Brief descriptive captions —
::::::::::
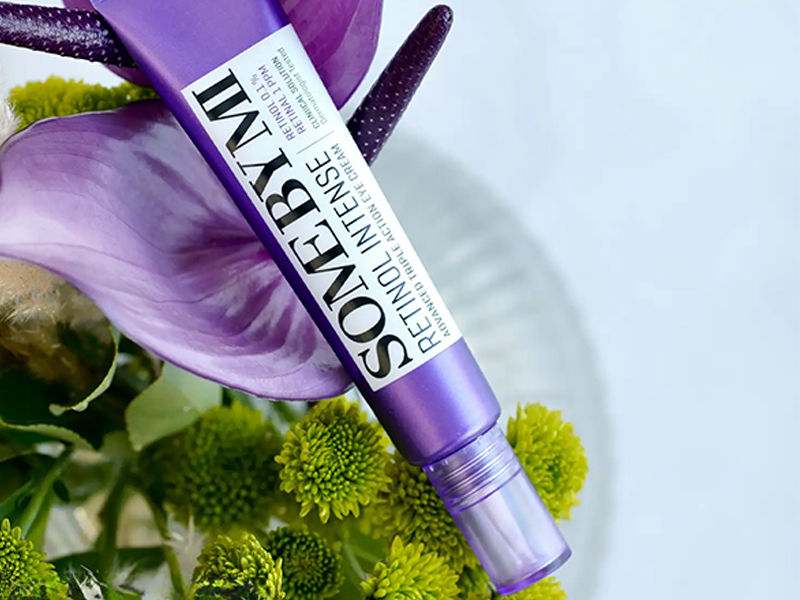 Anti-Aging Retinol Eye Cream with Collagen and Peptides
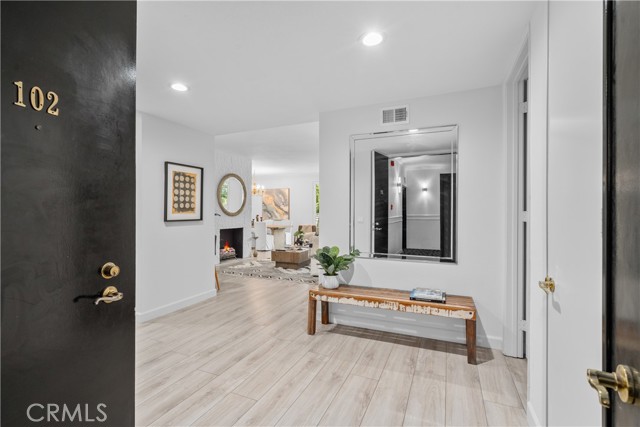 4949 Genesta Avenue, Encino CA: https://media.crmls.org/medias/36c7de56-32c6-4f86-a1af-8b5bfd61dbe0.jpg
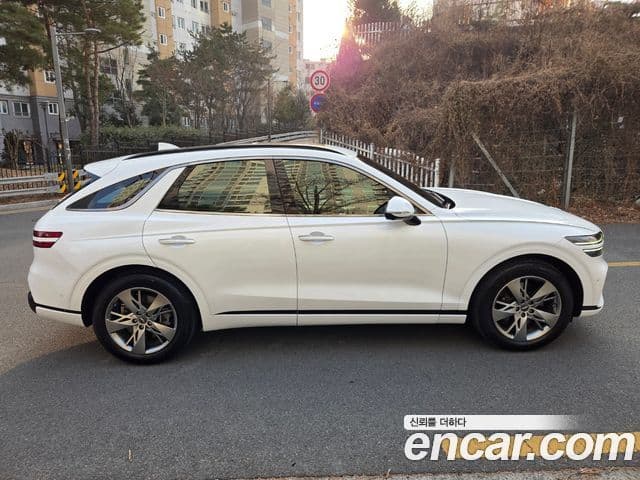 Genesis GV70, 2022 3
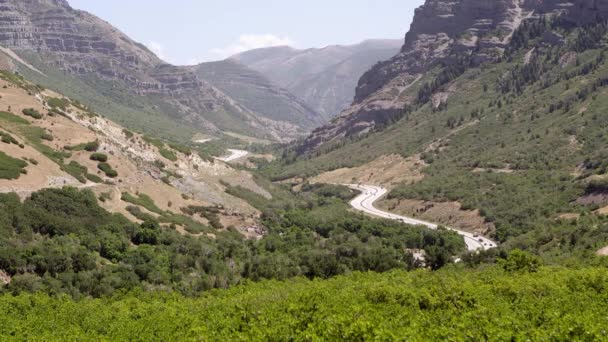 Utsikt Över Vägen Slingrar Sig Genom Canyon Varm Sommardag Som — Stockvideo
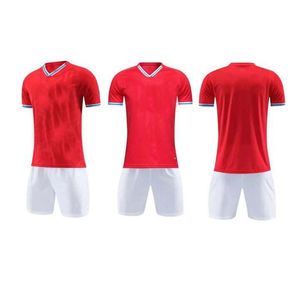 Uniformes y Camisetas de Fútbol Personalizadas al por Mayor, de Alta Calidad, Impresas, de Manga Corta, 100% Poliéster, Transpirables, Antibacterianas y de Secado Rápido - Product Image 4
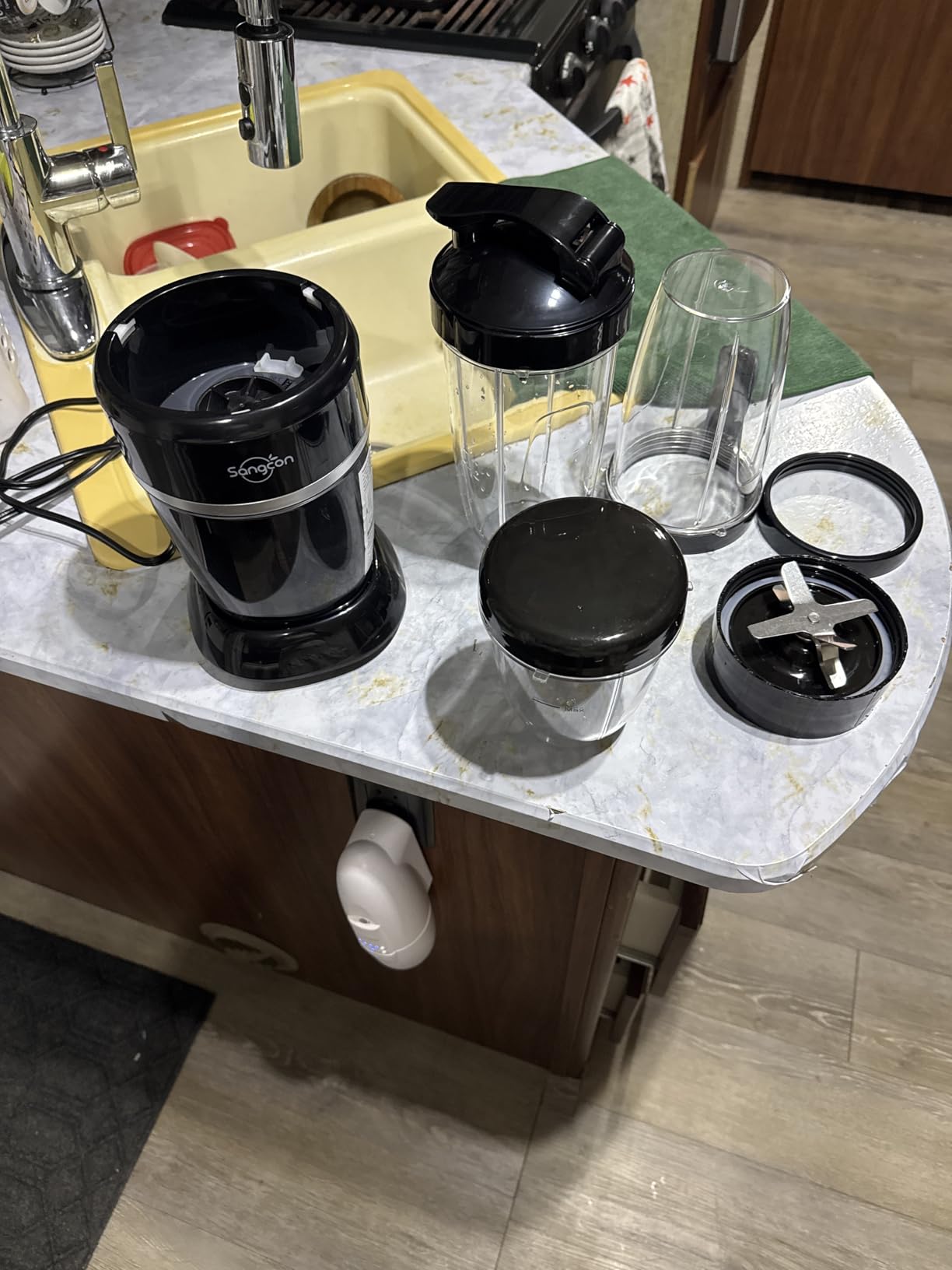 Sangcon 1000W Personal Smoothie Blender, Protein Shakes, Home & Gym, Black | 37/32/22 oz BPA-Free To-Go Cups with 6-Leaf Blade, Frozen Fruit, Ice Crushing, Baby Food, Sauces, Dips, Coffee, Nuts, Spices customer photo 2
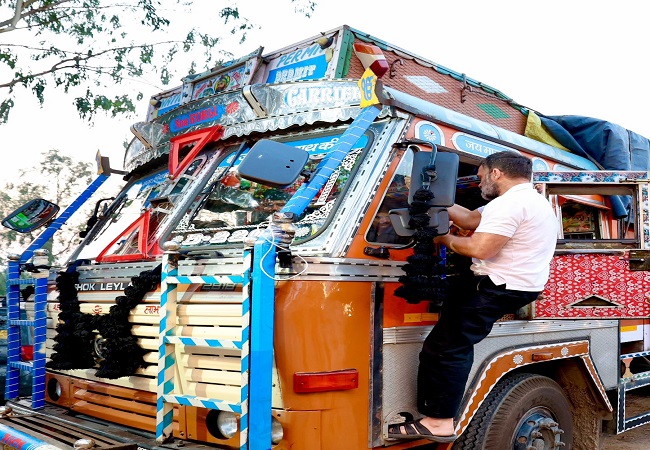 Rahul Gandhi Traveling by Truck Video Viral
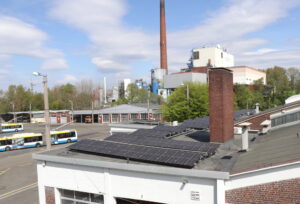 Der Verkehrsbetrieb der Stadtwerke hat bereits die zweite Solaranlage in Betrieb genommen und kann so den SWS-Betriebshof autark mit Strom versorgen. (Foto: © Bastian Glumm)
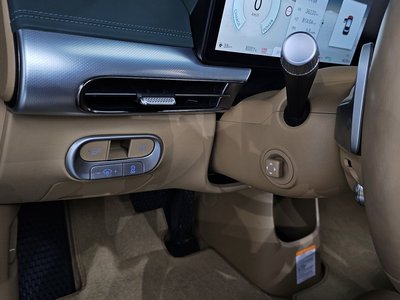 صورة مصغرة 31 لـ 2022 Genesis GV60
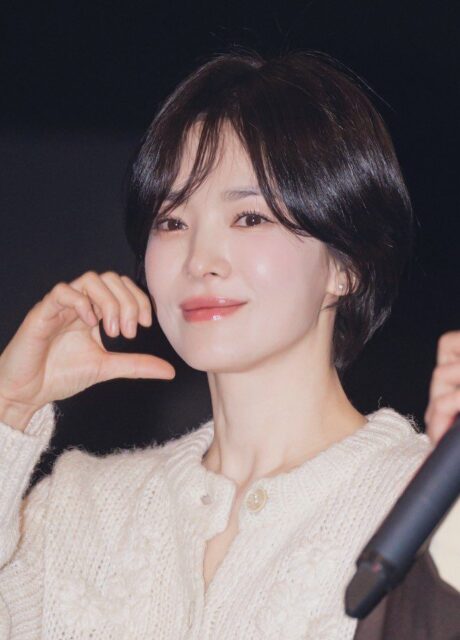 Song Hye Kyo’s Latest Look During “Dark Nuns” Promotions Goes Viral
::::::::::
Exercise objective — Print every entry exactly. Pictures are not part of the copy.

Response to the task —
 Anti-Aging Retinol Eye Cream with Collagen and Peptides
 4949 Genesta Avenue, Encino CA: https://media.crmls.org/medias/36c7de56-32c6-4f86-a1af-8b5bfd61dbe0.jpg
 Genesis GV70, 2022 3
 Utsikt Över Vägen Slingrar Sig Genom Canyon Varm Sommardag Som — Stockvideo
 Uniformes y Camisetas de Fútbol Personalizadas al por Mayor, de Alta Calidad, Impresas, de Manga Corta, 100% Poliéster, Transpirables, Antibacterianas y de Secado Rápido - Product Image 4
 Sangcon 1000W Personal Smoothie Blender, Protein Shakes, Home & Gym, Black | 37/32/22 oz BPA-Free To-Go Cups with 6-Leaf Blade, Frozen Fruit, Ice Crushing, Baby Food, Sauces, Dips, Coffee, Nuts, Spices customer photo 2
 Rahul Gandhi Traveling by Truck Video Viral
 Der Verkehrsbetrieb der Stadtwerke hat bereits die zweite Solaranlage in Betrieb genommen und kann so den SWS-Betriebshof autark mit Strom versorgen. (Foto: © Bastian Glumm)
 صورة مصغرة 31 لـ 2022 Genesis GV60
 Song Hye Kyo’s Latest Look During “Dark Nuns” Promotions Goes Viral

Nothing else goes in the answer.